She and Harry had looked up Divination early on in their research; Harry had insisted that they read everything they could find about prophecies that wasn’t in the Restricted Section. As Harry had observed, it would save a lot of effort if they could just get a seer to prophesy everything they would figure out thirty-five years later. (Or to put it in Harry’s terms, any means of obtaining information transmitted from the distant future was potentially an instant global victory condition.)

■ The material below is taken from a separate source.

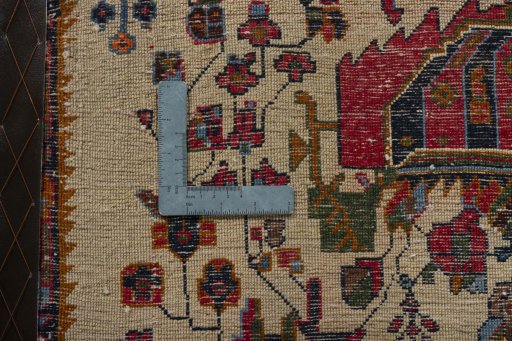 Backside of handmade 2000s Shiraz rug showing knot structure and weave density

But, as Hermione had explained to Millicent, prophesying wasn’t controllable, there was no way to
ask
for a prophecy about anything in particular. Instead (the books had said) there was a sort of
pressure
that built up in Time, when some huge event was trying to happen, or stop itself from happening. And seers were like weak points that let out the pressure, when the right listener was nearby. So prophecies were only about big, important things, because only that generated enough pressure; and you almost never got more than one seer saying the same thing, because afterward the pressure was gone. And, as Hermione had further explained to Millicent, the seers themselves didn’t remember their prophecies, because the message wasn’t for
them
. And the messages would come out in riddles, and only someone who heard the prophecy in the seer’s original voice would hear all the meaning that was in the riddle. There was no
possible
way that Millicent could just give out a prophecy
any time she wanted
, about
school bullies
, and then
remember
it, and if she
had
it would’ve come out as ‘the skeleton is the key’ and not ‘Susan Bones has to be there’.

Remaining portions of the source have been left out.